Give back exactly the lines starting at the one with "4K超高清洛杉矶市政厅附近建筑物的延时视图视频的预览图" and ending at the last line of the data below. Pictures are not part of the copy.
[Opening Dataset extract section]
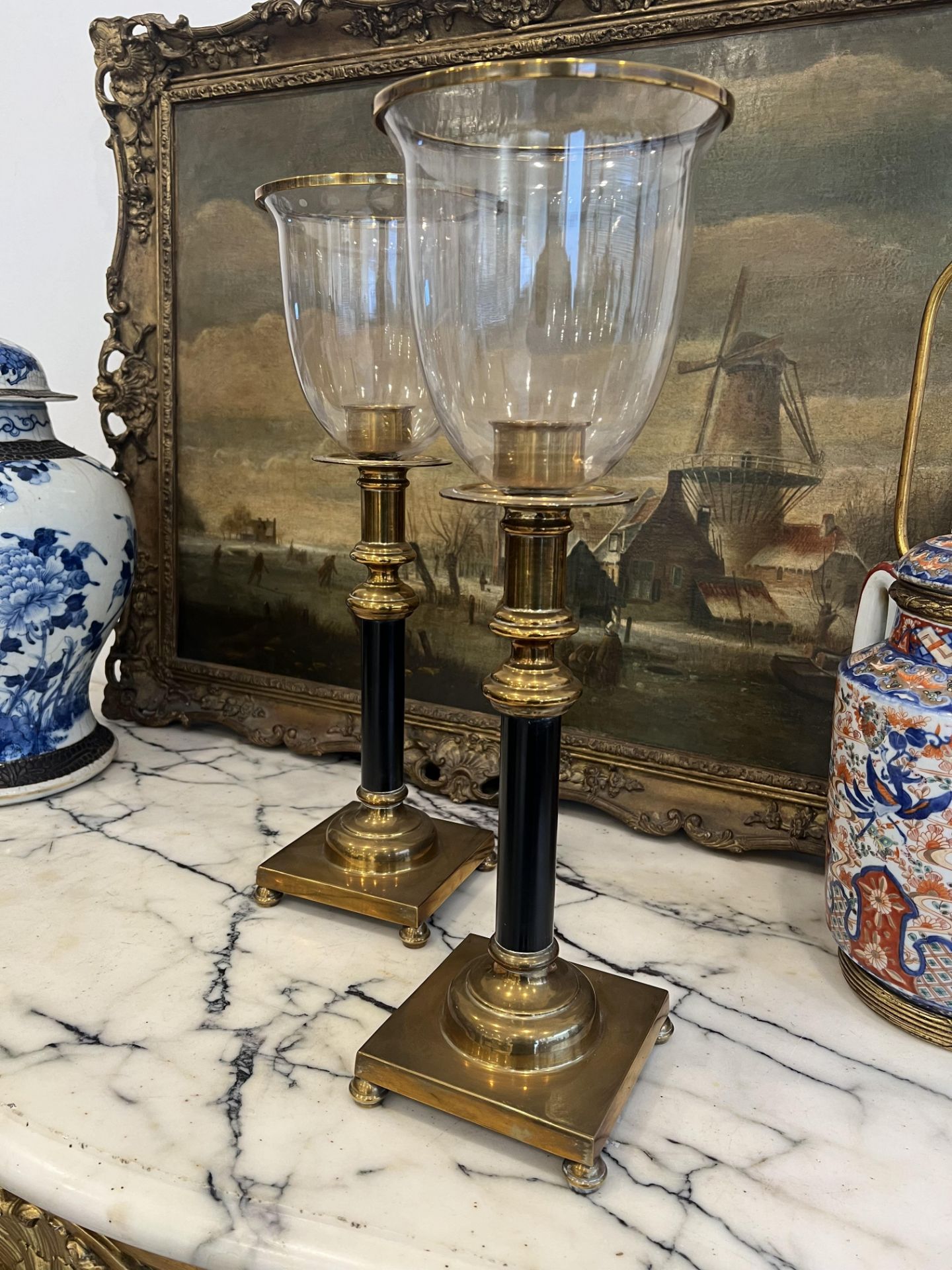 A PAIR OF REGENCY STYLE BRASS HURRICANE LAMPS - Image 3 of 4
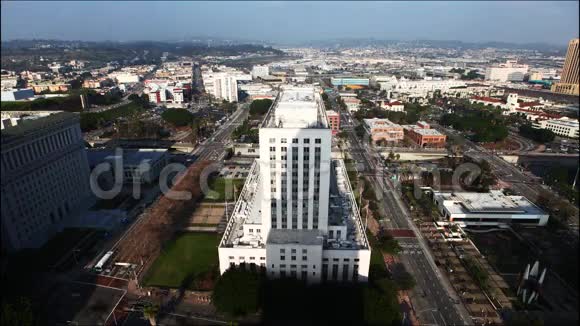 4K超高清洛杉矶市政厅附近建筑物的延时视图视频的预览图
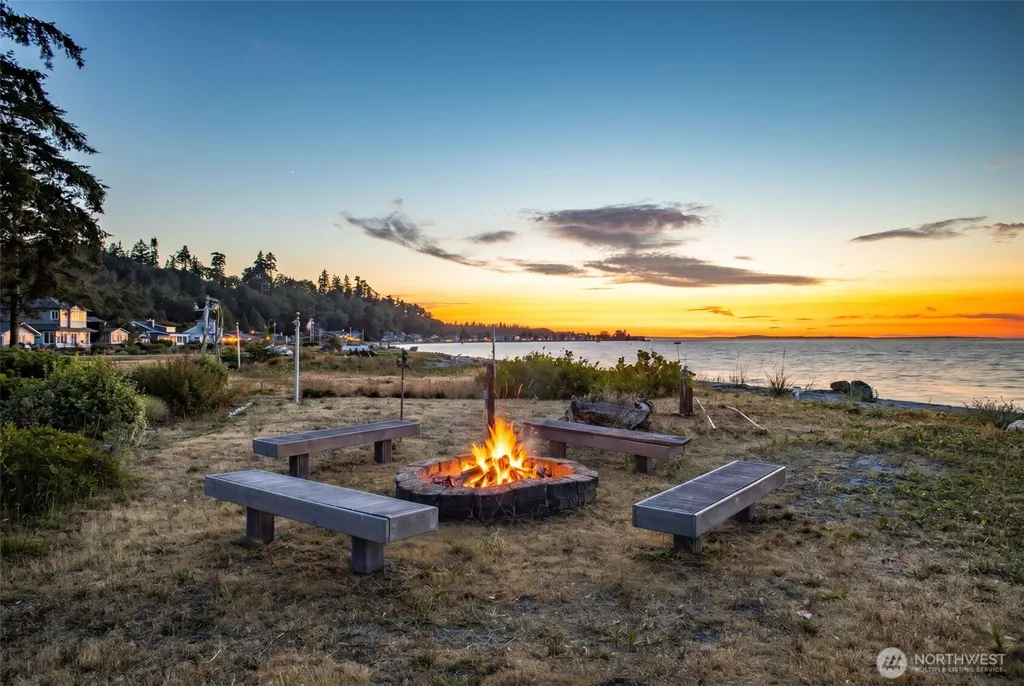 8656 NE Point No Point Road Hansville WA 98340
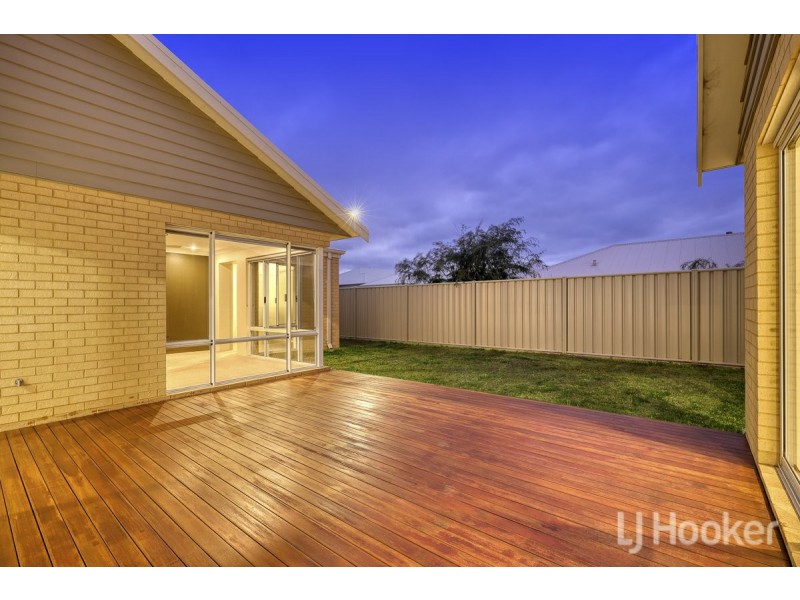7 Summerhome Parade, Yanchep WA 6035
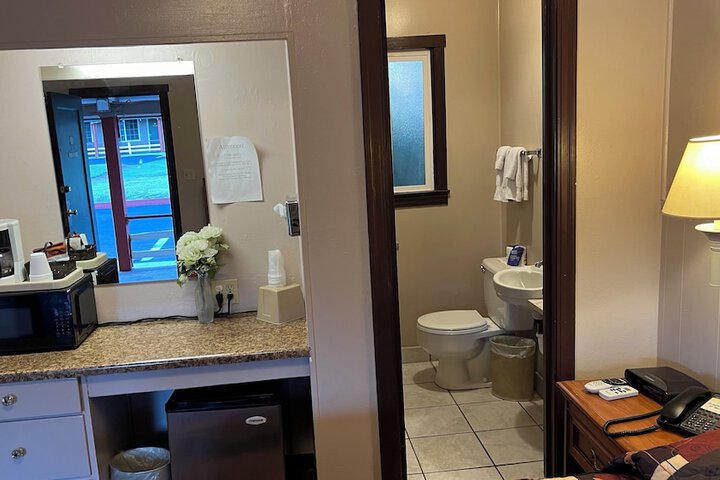 Room 104 of 119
[Closing Dataset extract section]
Task answer:
 4K超高清洛杉矶市政厅附近建筑物的延时视图视频的预览图
 8656 NE Point No Point Road Hansville WA 98340
7 Summerhome Parade, Yanchep WA 6035
 Room 104 of 119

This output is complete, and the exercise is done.